D116964 for removing the deleting responsibility from the Advisor.

aeubanks updated this revision to Diff 399190.Jan 11 2022, 8:35 PM

rebase past D116964
drop metadata use check

nikic accepted this revision.Jan 12 2022, 7:40 AM

LGTM

mtrofin added inline comments.Jan 12 2022, 8:11 AM
llvm/lib/Transforms/IPO/Inliner.cpp
966

can you make Advice->recordInliningWithCalleeDeleted happen in this case, too?

nikic added inline comments.Jan 12 2022, 8:29 AM
llvm/lib/Transforms/IPO/Inliner.cpp
966

I'm not sure that would be the right modelling. I believe the reasoning here is that even if we drop a linkonce_odr function in this module, there may be many other modules that also define the same function. It will only be really deleted if it is deleted from *all* modules. Otherwise dropping it in just one module has no effect after linking. I think this is why the inlining cost model does not apply the last call to local to linkonce_odr functions. And I would expect that the advisor would follow similar reasoning.

mtrofin accepted this revision.Jan 12 2022, 8:35 AM
mtrofin added inline comments.
llvm/lib/Transforms/IPO/Inliner.cpp
966

It would hint to the ML Advisor (during training) that it did "a good thing" because, locally, at this module level, we did the best we could have for such a function (i.e. deleted it). But we can try this first ourselves and see if it significantly helps or not.

This revision was landed with ongoing or failed builds.Jan 12 2022, 8:42 AM
This revision was automatically updated to reflect the committed changes.

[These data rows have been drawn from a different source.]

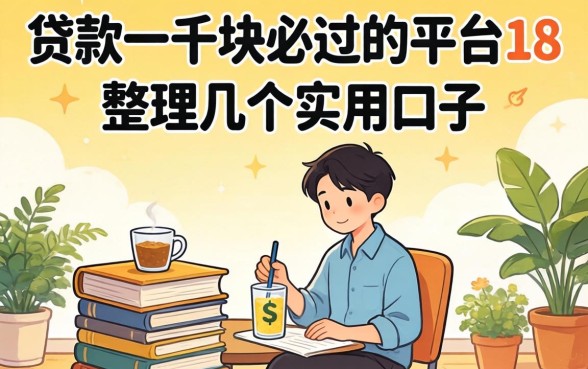 揭秘贷款一千块必过的平台18:整理几个实用的口子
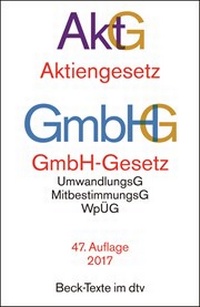 Abbildung von: Aktiengesetz, GmbH-Gesetz: AktG GmbHG - dtv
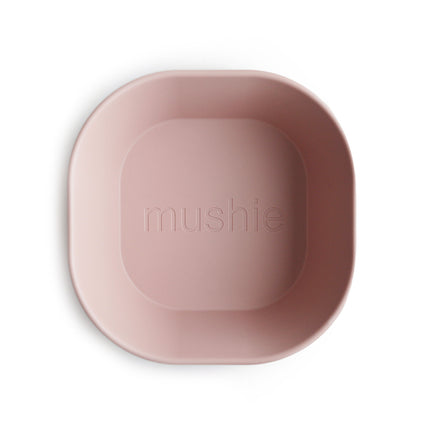 Mushie Baby Kom Vierkant Blush 2st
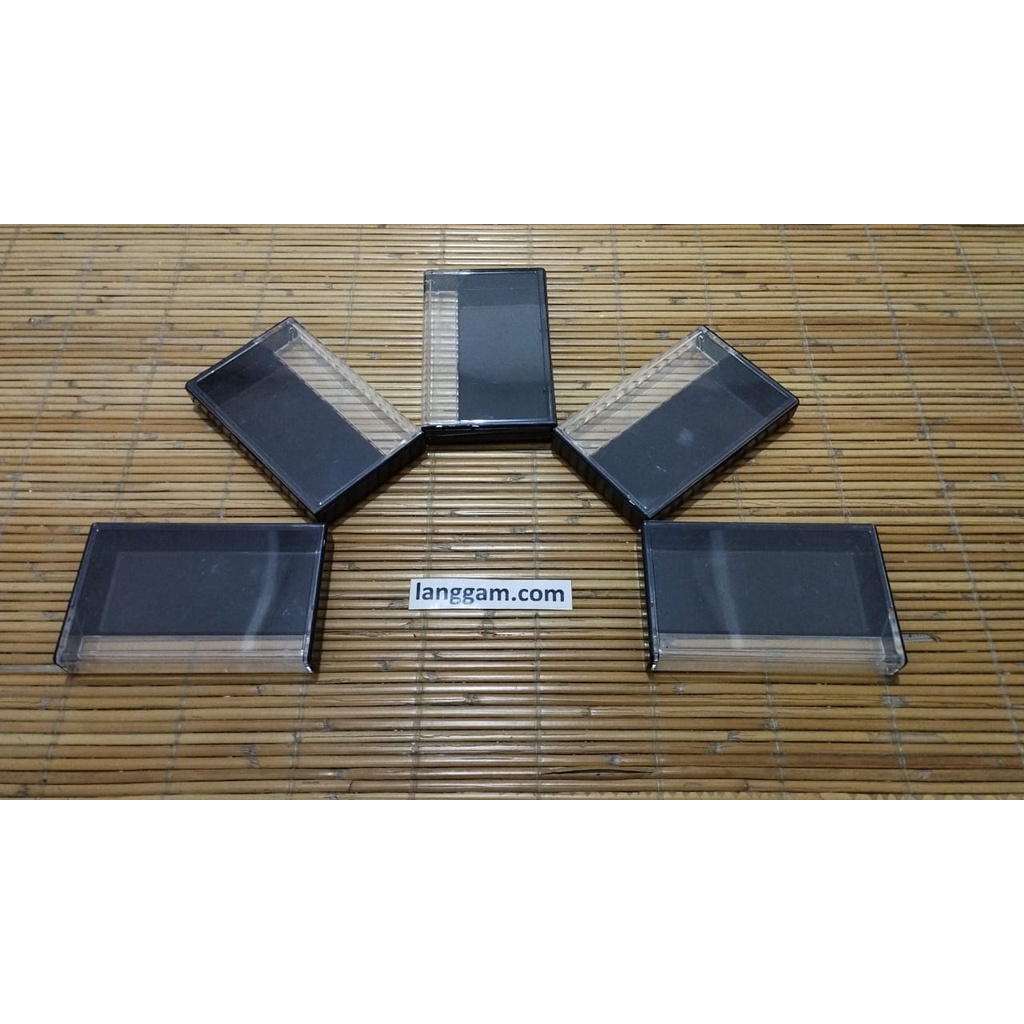 KOTAK CASING MIKA KASET MODEL TRANSPARAN HITAM TANPA KAKI BARU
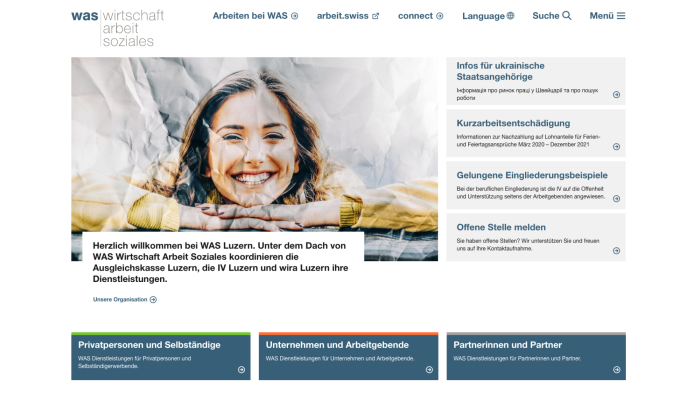 Neue Website WAS Luzern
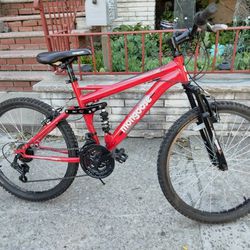 24" Mongoose Dual Suspension Mountain Bike 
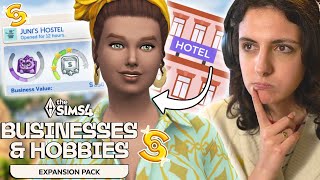 Running a HOTEL in The Sims 4 with Businesses amp Hobbies🏨 [upl. by Griseldis]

This seems to cause a reproducible infinite loop inside the inliner on some inputs. I haven't narrowed down a repro case yet, but I'm going to revert this in the meantime.

aeubanks reopened this revision.Jan 13 2022, 9:29 AM

I looked at the repro and I think that this is slowing down specific compiles a lot rather than hanging indefinitely. Taking a closer look.

This revision is now accepted and ready to land.Jan 13 2022, 9:29 AM

a flame graph shows that removeDeadConstantUsers() is taking up almost half of the compile time in the repro

nikic added a comment.Jan 13 2022, 9:41 AM

a flame graph shows that removeDeadConstantUsers() is taking up almost half of the compile time in the repro

Switching to hasOneLiveUse() instead should avoid that, as it will short-circuit.